• [Description of the task]: Please restate every line below exactly, without any pictures.

• [Dataset excerpt]:
========================================

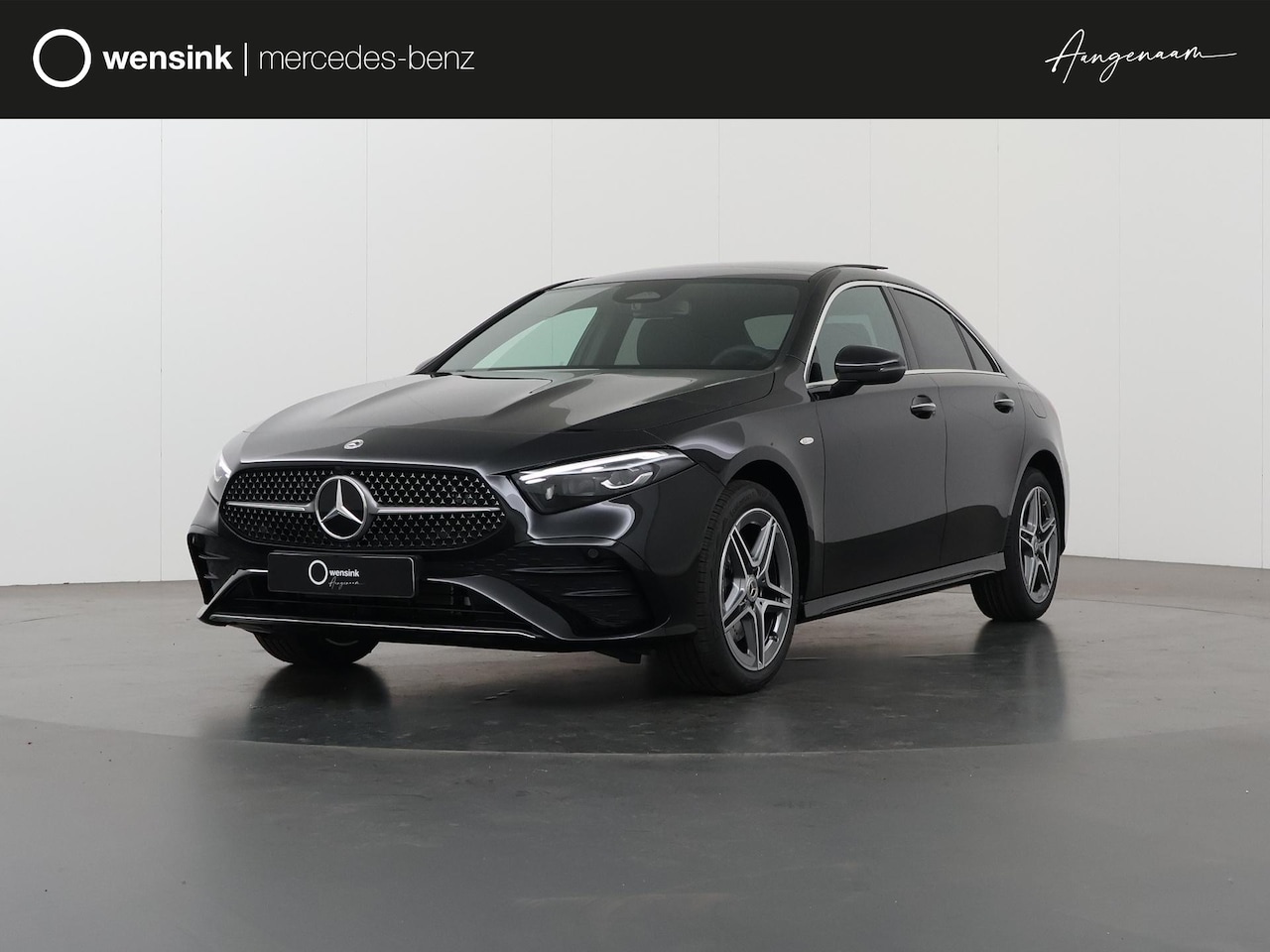 Mercedes-Benz A-klasse - 250 e Business Solution AMG | Panoramadak | Achteruitrijcamera | Navigatie | Keyless entry - AutoWereld.nl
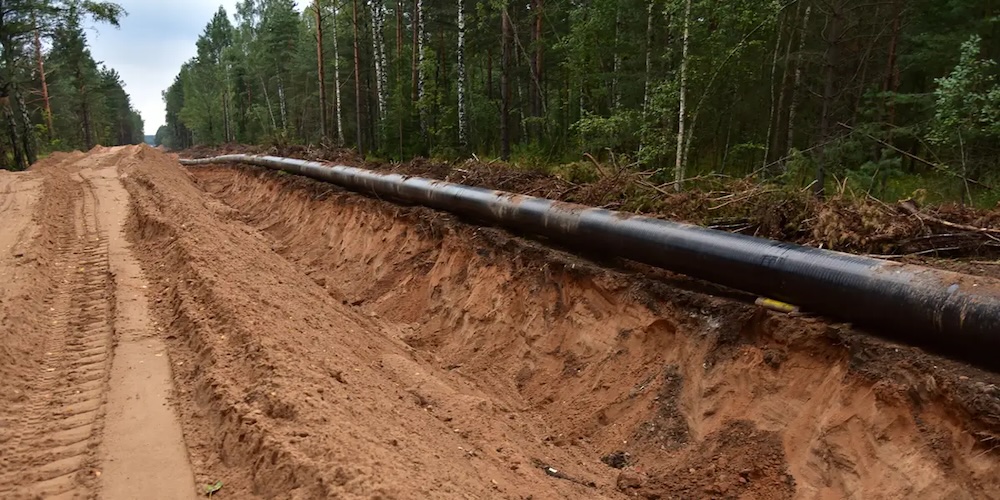 Bitumen pipeline crude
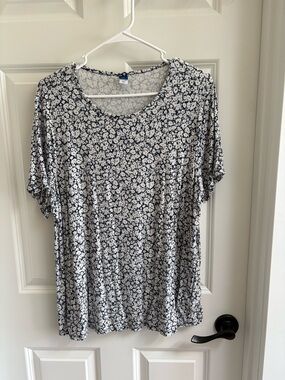 Old Navy Navy and White Floral Scoop Neck Tee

========================================

• [Final answer]:
 Mercedes-Benz A-klasse - 250 e Business Solution AMG | Panoramadak | Achteruitrijcamera | Navigatie | Keyless entry - AutoWereld.nl
 Bitumen pipeline crude
 Old Navy Navy and White Floral Scoop Neck Tee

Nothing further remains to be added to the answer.